● **GIVEN DATA**
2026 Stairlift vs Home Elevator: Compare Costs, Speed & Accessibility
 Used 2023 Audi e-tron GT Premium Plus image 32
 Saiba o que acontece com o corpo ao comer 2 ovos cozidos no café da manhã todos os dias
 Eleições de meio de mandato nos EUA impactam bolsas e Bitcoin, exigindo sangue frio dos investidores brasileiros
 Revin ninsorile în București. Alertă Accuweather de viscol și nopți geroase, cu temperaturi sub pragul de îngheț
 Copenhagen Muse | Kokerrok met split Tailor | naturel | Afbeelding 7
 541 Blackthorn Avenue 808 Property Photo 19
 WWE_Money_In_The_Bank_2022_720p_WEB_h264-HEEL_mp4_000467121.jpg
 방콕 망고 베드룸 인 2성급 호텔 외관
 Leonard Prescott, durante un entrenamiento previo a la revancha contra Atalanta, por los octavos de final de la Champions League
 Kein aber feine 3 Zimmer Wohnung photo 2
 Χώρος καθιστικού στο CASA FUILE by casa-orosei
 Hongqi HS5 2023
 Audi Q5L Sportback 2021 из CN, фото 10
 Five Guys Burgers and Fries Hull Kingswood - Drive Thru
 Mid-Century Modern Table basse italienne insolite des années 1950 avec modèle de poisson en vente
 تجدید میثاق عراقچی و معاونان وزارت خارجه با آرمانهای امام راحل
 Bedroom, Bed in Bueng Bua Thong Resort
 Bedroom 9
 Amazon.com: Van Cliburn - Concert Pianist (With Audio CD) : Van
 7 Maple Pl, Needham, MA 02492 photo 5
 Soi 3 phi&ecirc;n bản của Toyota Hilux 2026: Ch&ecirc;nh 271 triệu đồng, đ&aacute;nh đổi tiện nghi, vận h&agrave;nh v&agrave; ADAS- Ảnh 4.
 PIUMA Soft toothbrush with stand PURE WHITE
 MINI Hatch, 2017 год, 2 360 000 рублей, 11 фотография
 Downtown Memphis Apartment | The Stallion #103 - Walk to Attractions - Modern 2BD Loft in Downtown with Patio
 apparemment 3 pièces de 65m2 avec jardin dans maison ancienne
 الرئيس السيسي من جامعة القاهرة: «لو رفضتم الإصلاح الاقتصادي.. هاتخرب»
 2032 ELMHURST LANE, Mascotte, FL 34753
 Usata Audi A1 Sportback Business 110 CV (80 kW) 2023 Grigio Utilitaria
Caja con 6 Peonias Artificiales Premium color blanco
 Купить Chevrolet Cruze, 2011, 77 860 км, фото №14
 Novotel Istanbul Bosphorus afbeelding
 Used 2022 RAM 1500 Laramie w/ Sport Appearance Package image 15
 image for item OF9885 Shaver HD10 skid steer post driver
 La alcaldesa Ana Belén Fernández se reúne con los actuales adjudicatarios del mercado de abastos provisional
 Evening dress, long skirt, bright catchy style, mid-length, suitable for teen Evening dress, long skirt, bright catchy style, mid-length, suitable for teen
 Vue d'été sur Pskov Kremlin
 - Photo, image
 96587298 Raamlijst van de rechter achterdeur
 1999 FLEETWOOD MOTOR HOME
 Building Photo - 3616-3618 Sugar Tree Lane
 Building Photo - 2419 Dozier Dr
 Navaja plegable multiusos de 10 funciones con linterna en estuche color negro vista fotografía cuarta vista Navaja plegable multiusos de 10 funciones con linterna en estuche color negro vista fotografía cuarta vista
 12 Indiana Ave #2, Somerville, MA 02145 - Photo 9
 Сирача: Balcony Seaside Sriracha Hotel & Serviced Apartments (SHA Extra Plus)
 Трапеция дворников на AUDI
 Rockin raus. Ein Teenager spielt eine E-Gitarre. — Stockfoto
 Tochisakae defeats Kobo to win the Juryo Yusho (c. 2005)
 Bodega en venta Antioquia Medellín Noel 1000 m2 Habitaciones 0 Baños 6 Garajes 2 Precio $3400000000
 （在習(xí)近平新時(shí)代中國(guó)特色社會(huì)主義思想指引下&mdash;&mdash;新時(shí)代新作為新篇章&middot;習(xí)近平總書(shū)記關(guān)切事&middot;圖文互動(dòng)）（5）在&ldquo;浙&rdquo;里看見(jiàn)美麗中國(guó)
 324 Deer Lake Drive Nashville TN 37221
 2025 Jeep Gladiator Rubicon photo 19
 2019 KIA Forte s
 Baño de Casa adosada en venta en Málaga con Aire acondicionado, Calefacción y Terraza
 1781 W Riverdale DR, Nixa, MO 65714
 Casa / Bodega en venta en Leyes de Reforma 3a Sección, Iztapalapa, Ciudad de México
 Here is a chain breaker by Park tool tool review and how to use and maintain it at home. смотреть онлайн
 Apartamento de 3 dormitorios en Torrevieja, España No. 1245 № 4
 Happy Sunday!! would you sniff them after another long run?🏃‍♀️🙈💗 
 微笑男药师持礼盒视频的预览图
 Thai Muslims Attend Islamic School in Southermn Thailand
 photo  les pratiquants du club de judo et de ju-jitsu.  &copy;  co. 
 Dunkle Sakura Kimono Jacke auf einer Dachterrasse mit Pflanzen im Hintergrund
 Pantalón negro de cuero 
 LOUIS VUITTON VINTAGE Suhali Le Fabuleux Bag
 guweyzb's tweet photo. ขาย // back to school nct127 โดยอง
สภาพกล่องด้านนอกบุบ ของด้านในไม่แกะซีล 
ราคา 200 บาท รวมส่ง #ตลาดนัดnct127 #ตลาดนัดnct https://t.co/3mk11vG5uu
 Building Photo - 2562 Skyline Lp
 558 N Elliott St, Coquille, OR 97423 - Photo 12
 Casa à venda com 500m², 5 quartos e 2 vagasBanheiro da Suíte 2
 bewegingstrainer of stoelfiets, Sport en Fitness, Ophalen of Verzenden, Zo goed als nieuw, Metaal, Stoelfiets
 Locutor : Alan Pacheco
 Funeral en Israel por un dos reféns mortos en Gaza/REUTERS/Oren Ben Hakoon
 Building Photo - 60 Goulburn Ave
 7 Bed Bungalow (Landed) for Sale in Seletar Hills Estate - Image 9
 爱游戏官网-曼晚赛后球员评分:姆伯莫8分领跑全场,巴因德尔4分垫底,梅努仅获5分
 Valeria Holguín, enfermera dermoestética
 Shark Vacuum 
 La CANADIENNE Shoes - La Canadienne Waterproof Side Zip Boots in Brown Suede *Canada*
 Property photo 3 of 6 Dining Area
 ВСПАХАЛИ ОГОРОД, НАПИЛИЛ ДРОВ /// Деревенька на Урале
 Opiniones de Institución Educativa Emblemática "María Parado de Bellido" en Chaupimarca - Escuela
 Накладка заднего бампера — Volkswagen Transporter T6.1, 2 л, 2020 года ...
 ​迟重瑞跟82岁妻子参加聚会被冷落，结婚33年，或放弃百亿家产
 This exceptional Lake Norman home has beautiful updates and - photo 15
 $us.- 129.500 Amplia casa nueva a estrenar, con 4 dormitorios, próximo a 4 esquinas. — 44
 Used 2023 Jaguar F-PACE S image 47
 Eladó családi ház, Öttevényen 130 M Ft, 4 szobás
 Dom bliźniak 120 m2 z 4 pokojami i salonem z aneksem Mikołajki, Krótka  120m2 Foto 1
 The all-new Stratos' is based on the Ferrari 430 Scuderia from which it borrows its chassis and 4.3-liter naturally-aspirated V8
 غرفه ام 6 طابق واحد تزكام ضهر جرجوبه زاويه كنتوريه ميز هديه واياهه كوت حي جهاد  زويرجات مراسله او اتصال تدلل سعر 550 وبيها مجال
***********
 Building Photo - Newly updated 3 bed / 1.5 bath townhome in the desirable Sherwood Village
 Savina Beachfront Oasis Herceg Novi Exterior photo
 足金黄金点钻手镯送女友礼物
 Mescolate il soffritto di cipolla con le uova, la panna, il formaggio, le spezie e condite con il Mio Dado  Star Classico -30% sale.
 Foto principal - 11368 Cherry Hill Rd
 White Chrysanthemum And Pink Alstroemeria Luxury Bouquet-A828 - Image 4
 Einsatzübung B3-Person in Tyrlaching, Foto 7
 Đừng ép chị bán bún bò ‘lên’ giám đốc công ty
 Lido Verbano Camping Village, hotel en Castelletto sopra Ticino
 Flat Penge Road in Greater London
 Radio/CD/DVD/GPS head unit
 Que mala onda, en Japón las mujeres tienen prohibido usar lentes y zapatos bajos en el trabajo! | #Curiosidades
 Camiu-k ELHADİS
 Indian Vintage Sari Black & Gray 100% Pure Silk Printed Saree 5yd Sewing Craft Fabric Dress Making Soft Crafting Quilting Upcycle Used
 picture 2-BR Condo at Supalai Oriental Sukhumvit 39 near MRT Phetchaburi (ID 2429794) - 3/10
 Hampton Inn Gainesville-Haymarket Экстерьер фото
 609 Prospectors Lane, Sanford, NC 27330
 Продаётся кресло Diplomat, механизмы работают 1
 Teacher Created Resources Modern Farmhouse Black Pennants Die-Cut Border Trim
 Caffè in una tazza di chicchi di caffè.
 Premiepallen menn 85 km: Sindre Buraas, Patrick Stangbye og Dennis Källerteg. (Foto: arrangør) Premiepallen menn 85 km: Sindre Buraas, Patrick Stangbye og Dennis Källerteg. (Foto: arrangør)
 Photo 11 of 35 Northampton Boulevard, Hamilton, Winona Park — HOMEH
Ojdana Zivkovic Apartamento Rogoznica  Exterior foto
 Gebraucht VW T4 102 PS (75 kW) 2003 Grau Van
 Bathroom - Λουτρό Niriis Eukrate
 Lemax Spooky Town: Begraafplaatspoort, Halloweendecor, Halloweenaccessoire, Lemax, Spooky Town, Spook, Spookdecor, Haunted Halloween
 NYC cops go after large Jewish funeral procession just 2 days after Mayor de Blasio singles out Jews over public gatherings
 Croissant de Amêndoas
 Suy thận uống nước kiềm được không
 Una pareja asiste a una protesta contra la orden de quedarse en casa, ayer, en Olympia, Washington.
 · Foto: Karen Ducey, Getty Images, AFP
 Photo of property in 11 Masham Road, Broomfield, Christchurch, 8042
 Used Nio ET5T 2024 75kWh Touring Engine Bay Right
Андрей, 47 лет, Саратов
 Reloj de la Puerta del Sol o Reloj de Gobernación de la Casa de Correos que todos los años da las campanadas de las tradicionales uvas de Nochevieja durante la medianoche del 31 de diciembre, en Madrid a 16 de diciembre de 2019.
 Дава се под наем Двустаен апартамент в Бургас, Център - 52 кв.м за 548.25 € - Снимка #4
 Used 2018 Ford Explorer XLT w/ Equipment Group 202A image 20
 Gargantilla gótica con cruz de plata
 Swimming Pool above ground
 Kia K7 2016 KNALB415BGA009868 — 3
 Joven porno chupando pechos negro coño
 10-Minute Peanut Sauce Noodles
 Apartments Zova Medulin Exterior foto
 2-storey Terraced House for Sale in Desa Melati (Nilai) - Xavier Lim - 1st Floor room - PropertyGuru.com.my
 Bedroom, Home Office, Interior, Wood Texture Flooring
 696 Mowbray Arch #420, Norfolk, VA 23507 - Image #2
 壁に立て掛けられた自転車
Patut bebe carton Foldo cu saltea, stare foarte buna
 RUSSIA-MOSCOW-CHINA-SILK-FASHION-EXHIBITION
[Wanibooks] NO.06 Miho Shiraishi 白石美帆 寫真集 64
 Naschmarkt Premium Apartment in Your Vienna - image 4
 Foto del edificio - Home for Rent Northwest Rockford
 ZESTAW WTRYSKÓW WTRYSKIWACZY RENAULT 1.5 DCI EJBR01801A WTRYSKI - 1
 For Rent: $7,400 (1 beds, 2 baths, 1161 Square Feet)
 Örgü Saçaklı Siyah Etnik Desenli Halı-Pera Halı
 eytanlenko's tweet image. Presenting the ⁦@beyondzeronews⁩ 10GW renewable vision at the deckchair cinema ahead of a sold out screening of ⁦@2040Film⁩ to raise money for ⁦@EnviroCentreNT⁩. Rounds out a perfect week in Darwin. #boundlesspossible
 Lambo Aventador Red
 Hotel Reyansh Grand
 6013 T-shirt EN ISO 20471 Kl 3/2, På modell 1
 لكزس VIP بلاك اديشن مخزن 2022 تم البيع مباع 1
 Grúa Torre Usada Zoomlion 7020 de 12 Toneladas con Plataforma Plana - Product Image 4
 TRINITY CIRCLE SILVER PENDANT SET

● **WORK TASK**
Repeat exactly the lines above from the one with "Camiu-k ELHADİS" up to and including the one with "Reloj de la". No other line belongs in the reply.

● **TASK OUTPUT**
 Camiu-k ELHADİS
 Indian Vintage Sari Black & Gray 100% Pure Silk Printed Saree 5yd Sewing Craft Fabric Dress Making Soft Crafting Quilting Upcycle Used
 picture 2-BR Condo at Supalai Oriental Sukhumvit 39 near MRT Phetchaburi (ID 2429794) - 3/10
 Hampton Inn Gainesville-Haymarket Экстерьер фото
 609 Prospectors Lane, Sanford, NC 27330
 Продаётся кресло Diplomat, механизмы работают 1
 Teacher Created Resources Modern Farmhouse Black Pennants Die-Cut Border Trim
 Caffè in una tazza di chicchi di caffè.
 Premiepallen menn 85 km: Sindre Buraas, Patrick Stangbye og Dennis Källerteg. (Foto: arrangør) Premiepallen menn 85 km: Sindre Buraas, Patrick Stangbye og Dennis Källerteg. (Foto: arrangør)
 Photo 11 of 35 Northampton Boulevard, Hamilton, Winona Park — HOMEH
Ojdana Zivkovic Apartamento Rogoznica  Exterior foto
 Gebraucht VW T4 102 PS (75 kW) 2003 Grau Van
 Bathroom - Λουτρό Niriis Eukrate
 Lemax Spooky Town: Begraafplaatspoort, Halloweendecor, Halloweenaccessoire, Lemax, Spooky Town, Spook, Spookdecor, Haunted Halloween
 NYC cops go after large Jewish funeral procession just 2 days after Mayor de Blasio singles out Jews over public gatherings
 Croissant de Amêndoas
 Suy thận uống nước kiềm được không
 Una pareja asiste a una protesta contra la orden de quedarse en casa, ayer, en Olympia, Washington.
 · Foto: Karen Ducey, Getty Images, AFP
 Photo of property in 11 Masham Road, Broomfield, Christchurch, 8042
 Used Nio ET5T 2024 75kWh Touring Engine Bay Right
Андрей, 47 лет, Саратов
 Reloj de la Puerta del Sol o Reloj de Gobernación de la Casa de Correos que todos los años da las campanadas de las tradicionales uvas de Nochevieja durante la medianoche del 31 de diciembre, en Madrid a 16 de diciembre de 2019.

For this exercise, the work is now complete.